Dr. Shirai commented, “In spite of this fact, Hijiki has enjoyed a healthy image as a food product throughout my life in my home country, where they even say that it is one of the key foods for longevity.”
Hijiki’s potential is still under-researched. Dr. Shirai notes that recent studies have found interesting and medicinally potent chemicals, predominantly belonging to polyphenols and sulphated polysaccharides, in marine flora. Research has reported various biological activities in Hijiki, including anti-oxidant activity, anti-cancer activity, anti-microbial activity against bacteria-virus-algae-fungi, organic fertilizer potential, and bio-remediation potential. Specifically, fucoxanthin and fucoxanthinol are mediated through various pathways, and both have potential for treatment of cancer or even for preventing the development of cancer. Another research study reports that Hijiki reduces the weight of mice with Type 2 diabetes mellitus, and addresses liver and kidney problems. These research findings shown Hijiki to have many health benefits, including anti-mutagenic, anti-diabetic, anti-obesity, anti-inflammatory, and anti-neoplastic effects.
Dr. Shirai commented, “Ancient wisdom can often give us the right answer. I will promote Hijiki for daily cooking, and will keep enjoying Hijiki as a source of health, as Japanese have done for centuries.”

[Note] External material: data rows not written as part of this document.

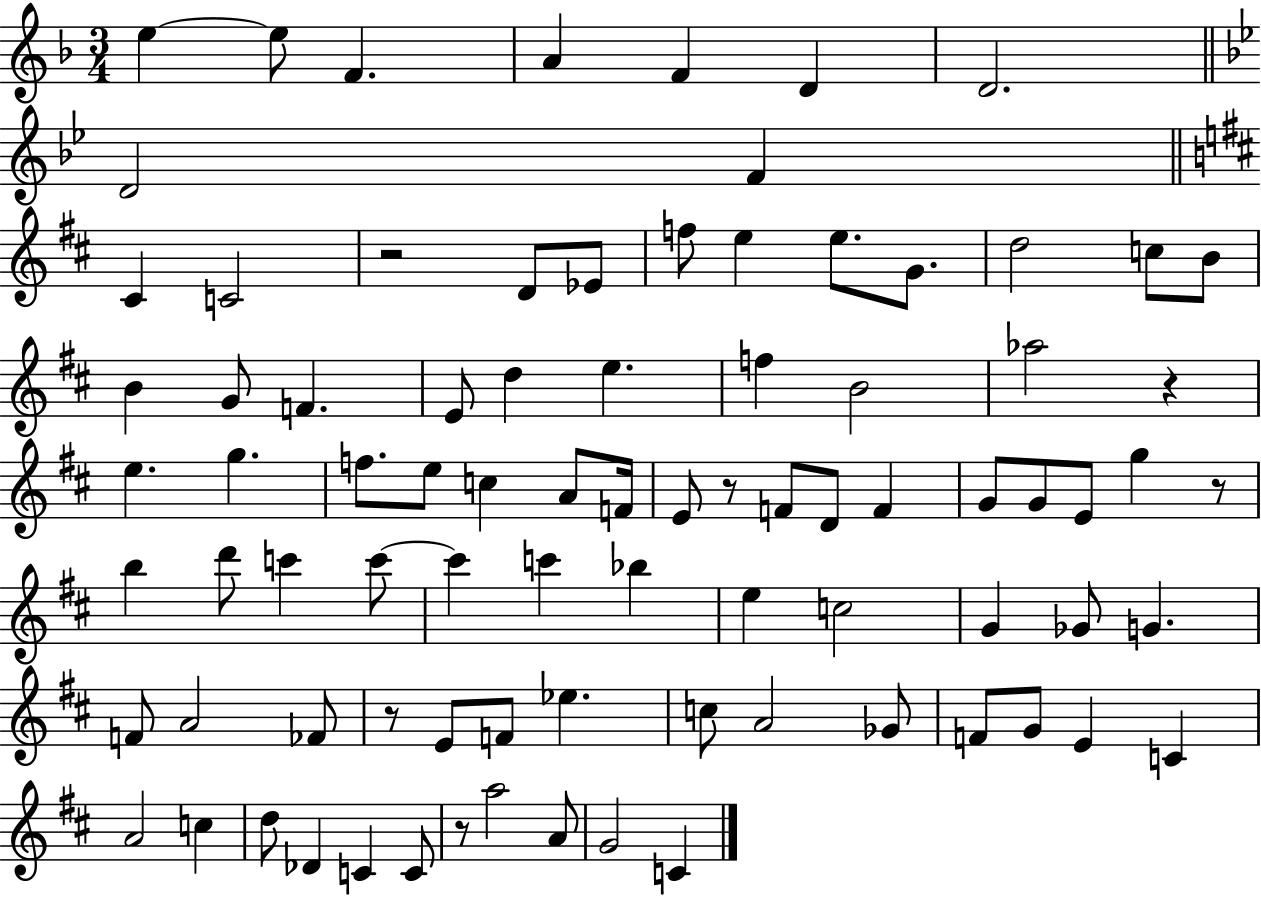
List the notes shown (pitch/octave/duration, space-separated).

E5/q E5/e F4/q. A4/q F4/q D4/q D4/h. D4/h F4/q C#4/q C4/h R/h D4/e Eb4/e F5/e E5/q E5/e. G4/e. D5/h C5/e B4/e B4/q G4/e F4/q. E4/e D5/q E5/q. F5/q B4/h Ab5/h R/q E5/q. G5/q. F5/e. E5/e C5/q A4/e F4/s E4/e R/e F4/e D4/e F4/q G4/e G4/e E4/e G5/q R/e B5/q D6/e C6/q C6/e C6/q C6/q Bb5/q E5/q C5/h G4/q Gb4/e G4/q. F4/e A4/h FES4/e R/e E4/e F4/e Eb5/q. C5/e A4/h Gb4/e F4/e G4/e E4/q C4/q A4/h C5/q D5/e Db4/q C4/q C4/e R/e A5/h A4/e G4/h C4/q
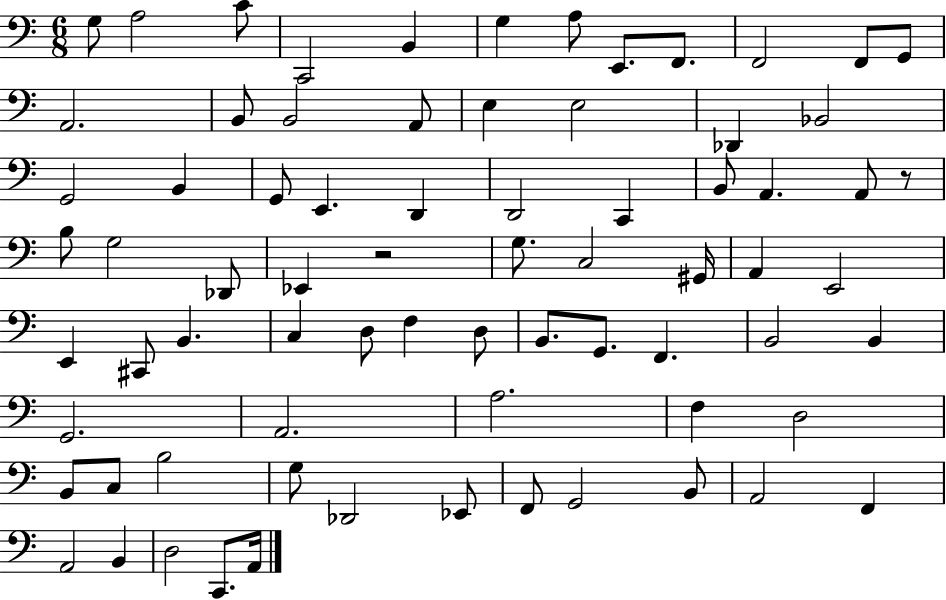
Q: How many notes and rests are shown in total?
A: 74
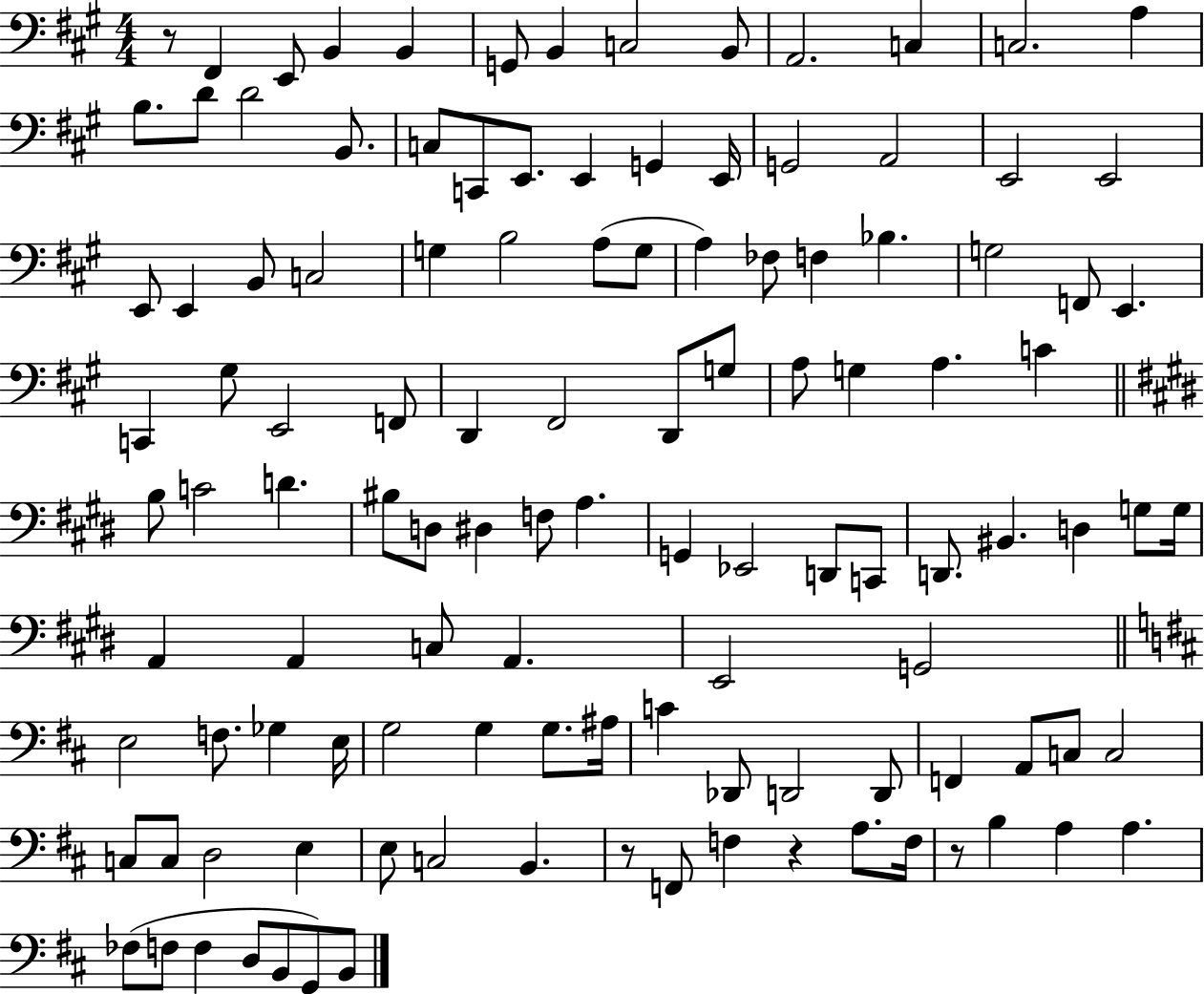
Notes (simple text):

R/e F#2/q E2/e B2/q B2/q G2/e B2/q C3/h B2/e A2/h. C3/q C3/h. A3/q B3/e. D4/e D4/h B2/e. C3/e C2/e E2/e. E2/q G2/q E2/s G2/h A2/h E2/h E2/h E2/e E2/q B2/e C3/h G3/q B3/h A3/e G3/e A3/q FES3/e F3/q Bb3/q. G3/h F2/e E2/q. C2/q G#3/e E2/h F2/e D2/q F#2/h D2/e G3/e A3/e G3/q A3/q. C4/q B3/e C4/h D4/q. BIS3/e D3/e D#3/q F3/e A3/q. G2/q Eb2/h D2/e C2/e D2/e. BIS2/q. D3/q G3/e G3/s A2/q A2/q C3/e A2/q. E2/h G2/h E3/h F3/e. Gb3/q E3/s G3/h G3/q G3/e. A#3/s C4/q Db2/e D2/h D2/e F2/q A2/e C3/e C3/h C3/e C3/e D3/h E3/q E3/e C3/h B2/q. R/e F2/e F3/q R/q A3/e. F3/s R/e B3/q A3/q A3/q. FES3/e F3/e F3/q D3/e B2/e G2/e B2/e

This was Dr. Shirai’s first e-poster experience. She enjoyed the convenience of not having to provide a paper poster, and the e-poster format allowed for 2-3 pages of visual interactive presentation. However, the number of e-poster presentation was limited due to the cost of individual screens, and, ironically, many people asked Dr. Shirai for printed references at the venue.